### What needs to be done
Would you copy exactly the lines in the data below from the one that has "33歳、歯列矯正はじめます。" through the one that has "Western blot analysis", dropping any pictures?

### Data for processing
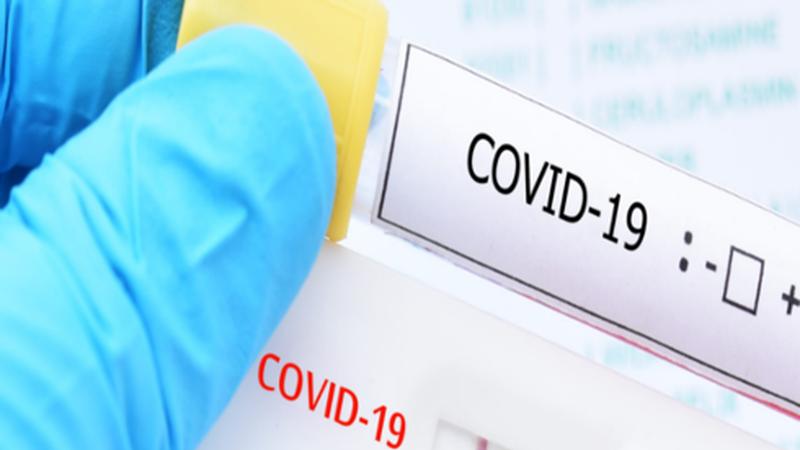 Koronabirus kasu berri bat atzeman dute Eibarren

---

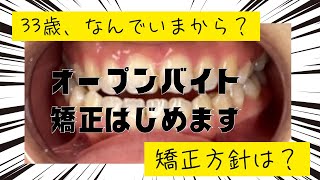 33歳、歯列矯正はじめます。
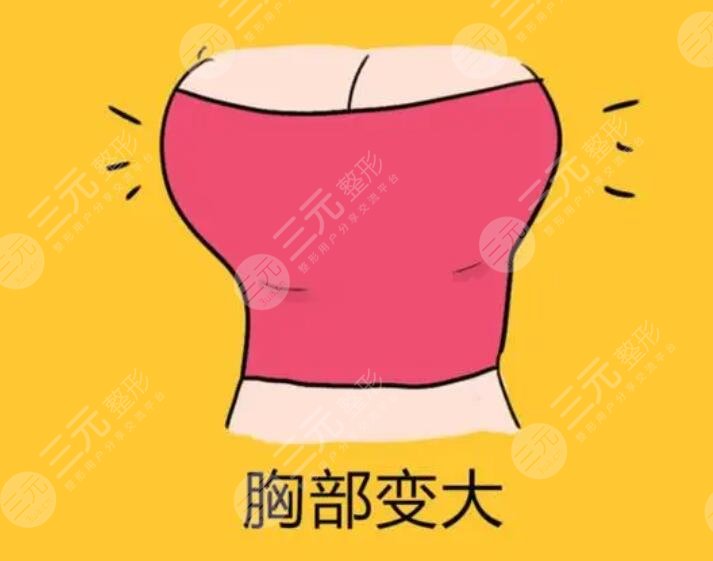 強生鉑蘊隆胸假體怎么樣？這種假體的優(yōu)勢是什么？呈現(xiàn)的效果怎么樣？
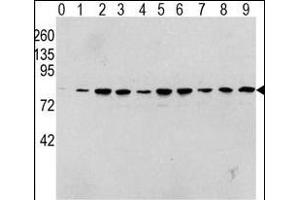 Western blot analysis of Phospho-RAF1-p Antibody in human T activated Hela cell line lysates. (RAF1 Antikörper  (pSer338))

==

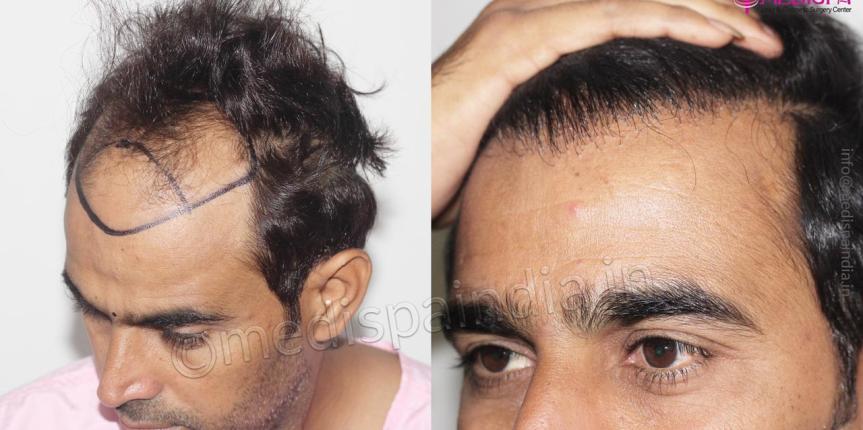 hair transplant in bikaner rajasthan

### Answer for this exercise
 33歳、歯列矯正はじめます。
 強生鉑蘊隆胸假體怎么樣？這種假體的優(yōu)勢是什么？呈現(xiàn)的效果怎么樣？
 Western blot analysis of Phospho-RAF1-p Antibody in human T activated Hela cell line lysates. (RAF1 Antikörper  (pSer338))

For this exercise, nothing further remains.